-- Source data --
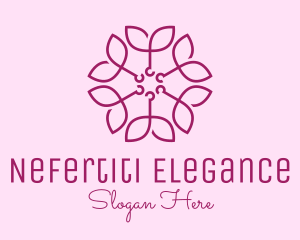 Ornamental Elegant Flower logo design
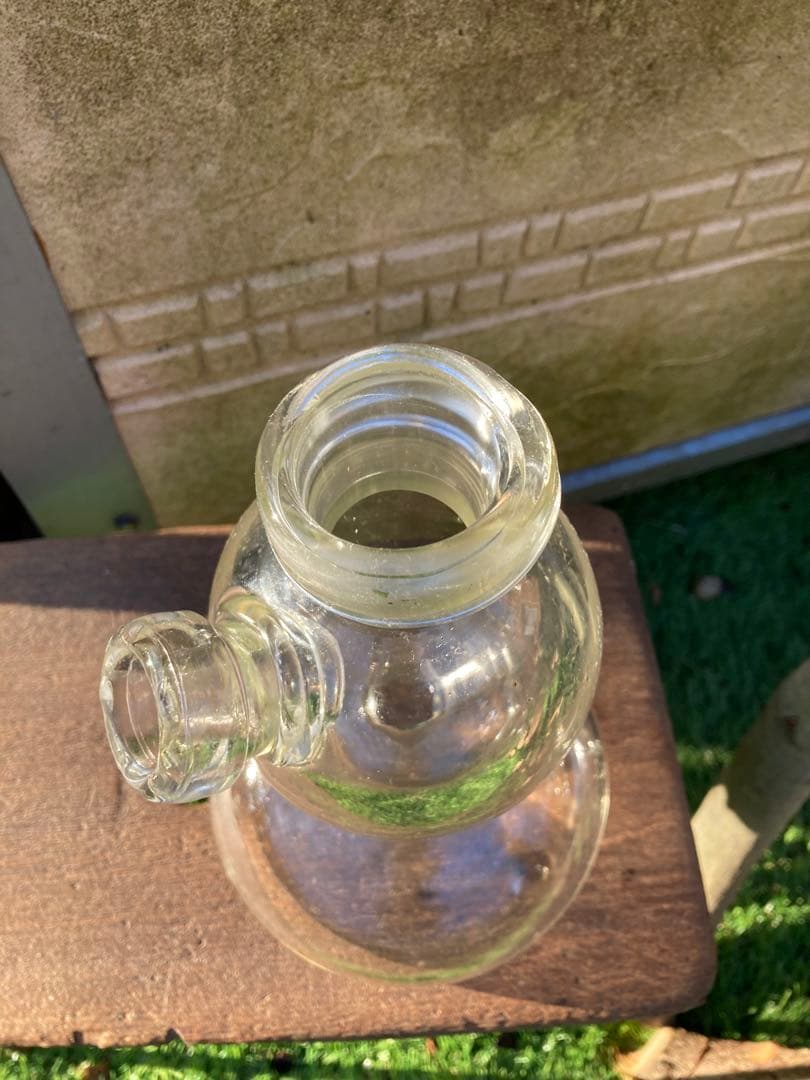 ガラス容器　昭和レトロ　理科実験道具　集気びん？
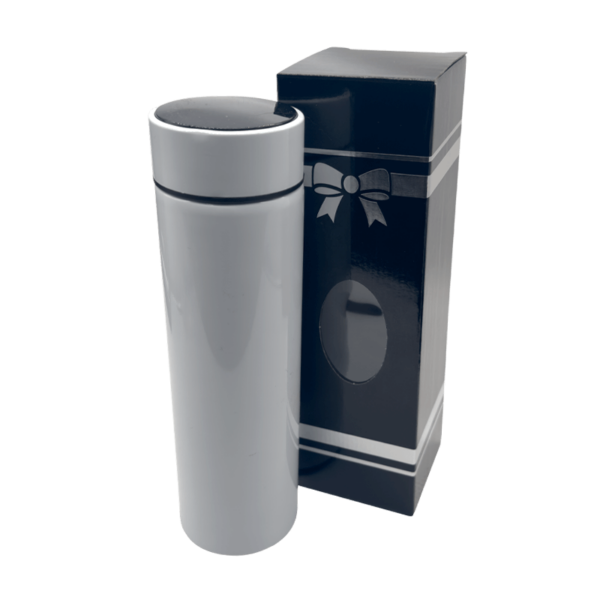 Sublimation Express | Sublimation Double Wall Stainless Steel 400ml Temperature Flask White Sublimation Express | Sublimation Double Wall Stainless Steel 400ml Temperature Flask White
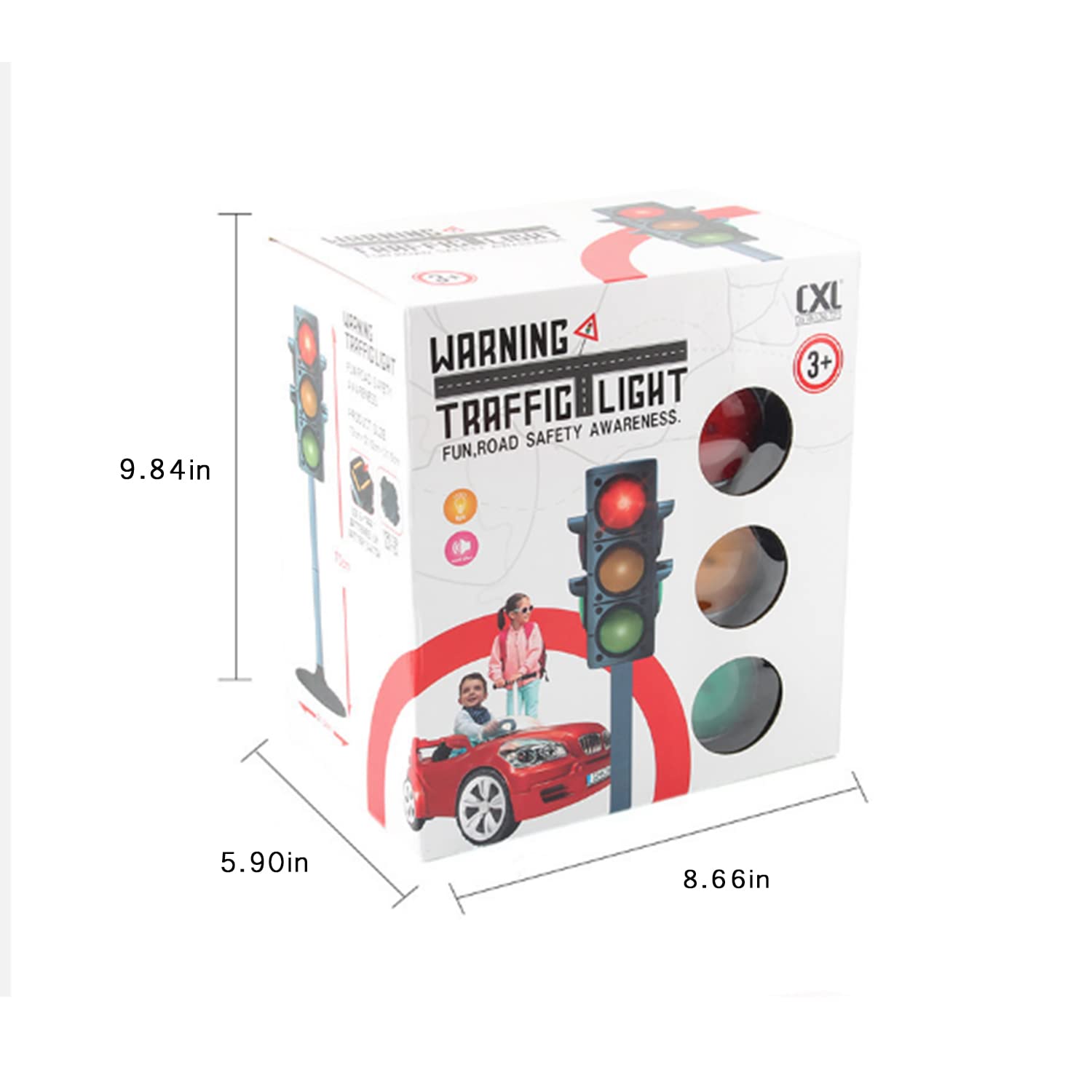ARTFILIF Simulation Traffic Light Toys - Educational Traffic Signal Model for Kids, Learning Toys for Children (A) | Perfect for Classroom, Playroom & Traffic Safety Education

-- Task brief --
All lines from the one containing "ガラス容器　昭和レトロ　理科実験道具　集気びん？" through the end of the data are to be written out exactly, with nothing added; skip the pictures.

-- Exercise solution --
 ガラス容器　昭和レトロ　理科実験道具　集気びん？
 Sublimation Express | Sublimation Double Wall Stainless Steel 400ml Temperature Flask White Sublimation Express | Sublimation Double Wall Stainless Steel 400ml Temperature Flask White
ARTFILIF Simulation Traffic Light Toys - Educational Traffic Signal Model for Kids, Learning Toys for Children (A) | Perfect for Classroom, Playroom & Traffic Safety Education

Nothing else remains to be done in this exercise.